The Math Thread

[beero1000]

Ellipses hide a multitude of sins...

Circular reasoning will get you know where.

Ah, but elliptical reasoning will save us all.

 

[Kharakov]

x^2 = x(1) + x(2) + x(3) ... x(x)
d(x^2) = d(x(1) + x(2) + x(3) ... x(x))
2x = x
2 = 1

What's x(1), x(2)... x(x)? Assuming it's a functional equation like g(1), g(2)....

f(x)= x^2

if f(x) = g(1) + g(2) +g(3)+ ...+ g(x-2) + g(x-1)+ g(x) you're going to have a bunch of g': g'(x) + g'(x-1) + g'(x-2)+...

otherwise:
if f(x) = g(1) + g(2) +g(3) +... +g(n-1) + g + g(x) for the functions to be equal, since g(1) through g are independent of g(x), they all have to remain the same no matter what, so

g(x) if a special function: g(x) = 0, unless g(x)=f(x); or g(1) + g(2) + g(3).... +g = 0, yet g(x) = x^2;

 

[beero1000]

I believe he intended an analogous version of this "proof" that 1 = 2.

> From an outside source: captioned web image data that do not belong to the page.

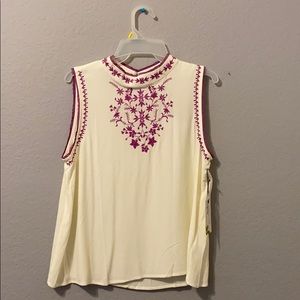 Papaya Ivory Sleeveless Blouse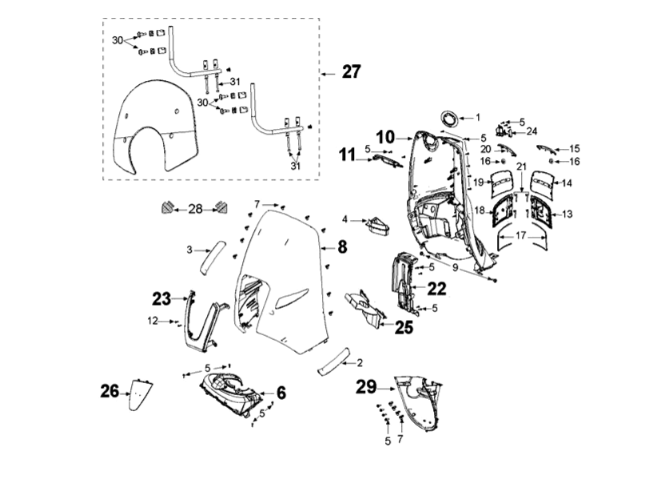 Front panels Peugeot Django 125 EFI E4 2018-2020 ORANGE IS THE NEW BLACK (U1)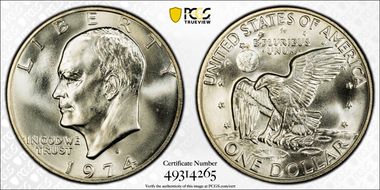 1974-S $1 Silver MS68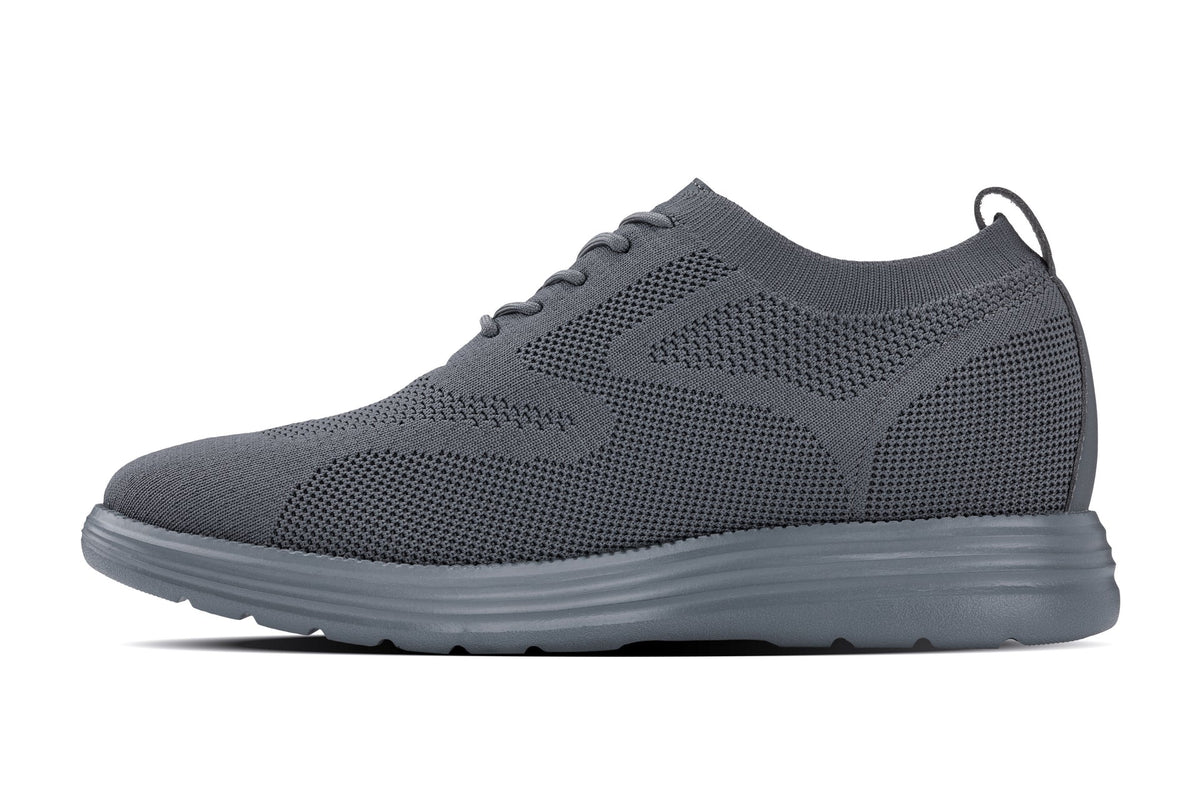 CALTO - X2641 - 2.8 Inches Taller (Iron/Dark Grey Sole) - Lace Up Casual Walker - Lightweight - Pendo Store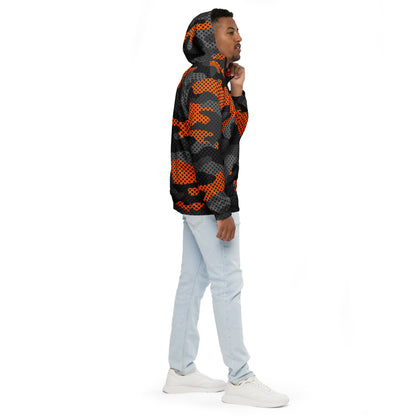 Camo Windbreaker For Men | Black & Orange Pixel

\(x = \underbrace{1 + 1 + 1 + \ldots + 1}_{x \textrm{ times}} = \underbrace{\frac{\mathrm{d}}{\mathrm{d}x}\left(x\right) + \frac{\mathrm{d}}{\mathrm{d}x}\left(x\right) + \frac{\mathrm{d}}{\mathrm{d}x}\left(x\right) + \ldots + \frac{\mathrm{d}}{\mathrm{d}x}\left(x\right)}_{x \textrm{ times}} = \frac{\mathrm{d}}{\mathrm{d}x}\underbrace{\left(x + x + x + \ldots + x\right)}_{x \textrm{ times}} = \frac{\mathrm{d}}{\mathrm{d}x}\left(x^2\right) = 2x\)

 

[Alcoholic Actuary]

I believe he intended an analogous version of this "proof" that 1 = 2.

\(x = \underbrace{1 + 1 + 1 + \ldots + 1}_{x \textrm{ times}} = \underbrace{\frac{\mathrm{d}}{\mathrm{d}x}\left(x\right) + \frac{\mathrm{d}}{\mathrm{d}x}\left(x\right) + \frac{\mathrm{d}}{\mathrm{d}x}\left(x\right) + \ldots + \frac{\mathrm{d}}{\mathrm{d}x}\left(x\right)}_{x \textrm{ times}} = \frac{\mathrm{d}}{\mathrm{d}x}\underbrace{\left(x + x + x + \ldots + x\right)}_{x \textrm{ times}} = \frac{\mathrm{d}}{\mathrm{d}x}\left(x^2\right) = 2x\)

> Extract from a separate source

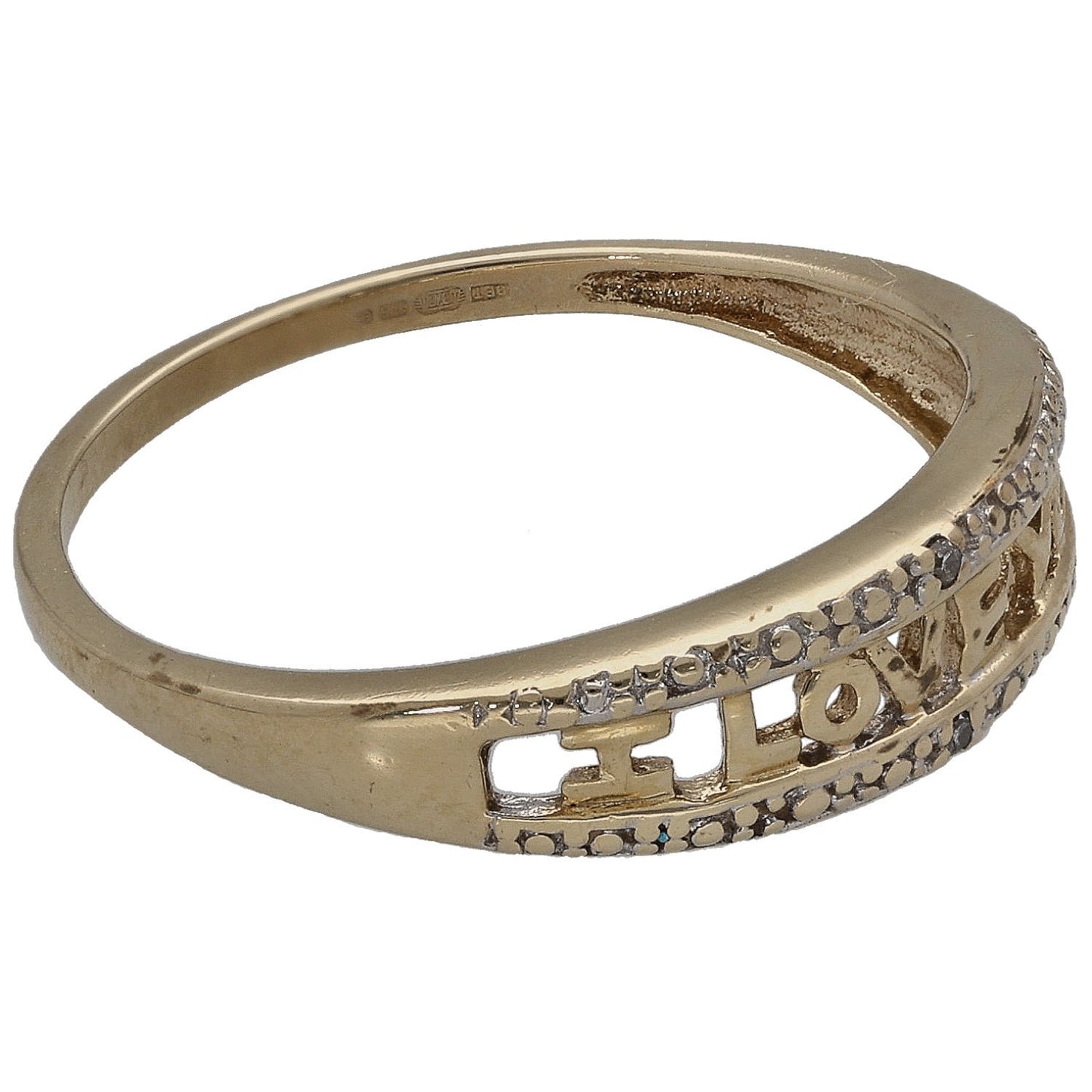 9ct Gold 0.01ct Diamond Alternative Ring Size M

I like this one. I think the 'problem' lies in defining the function (x+x+...) for x number of times over a continuous interval. (What does it mean to add something pi number of times?). If it can't be defined over a continuous interval, then it isn't differentiable, whereas x^2 is differentiable.

aa

 

[beero1000]

I believe he intended an analogous version of this "proof" that 1 = 2.

\(x = \underbrace{1 + 1 + 1 + \ldots + 1}_{x \textrm{ times}} = \underbrace{\frac{\mathrm{d}}{\mathrm{d}x}\left(x\right) + \frac{\mathrm{d}}{\mathrm{d}x}\left(x\right) + \frac{\mathrm{d}}{\mathrm{d}x}\left(x\right) + \ldots + \frac{\mathrm{d}}{\mathrm{d}x}\left(x\right)}_{x \textrm{ times}} = \frac{\mathrm{d}}{\mathrm{d}x}\underbrace{\left(x + x + x + \ldots + x\right)}_{x \textrm{ times}} = \frac{\mathrm{d}}{\mathrm{d}x}\left(x^2\right) = 2x\)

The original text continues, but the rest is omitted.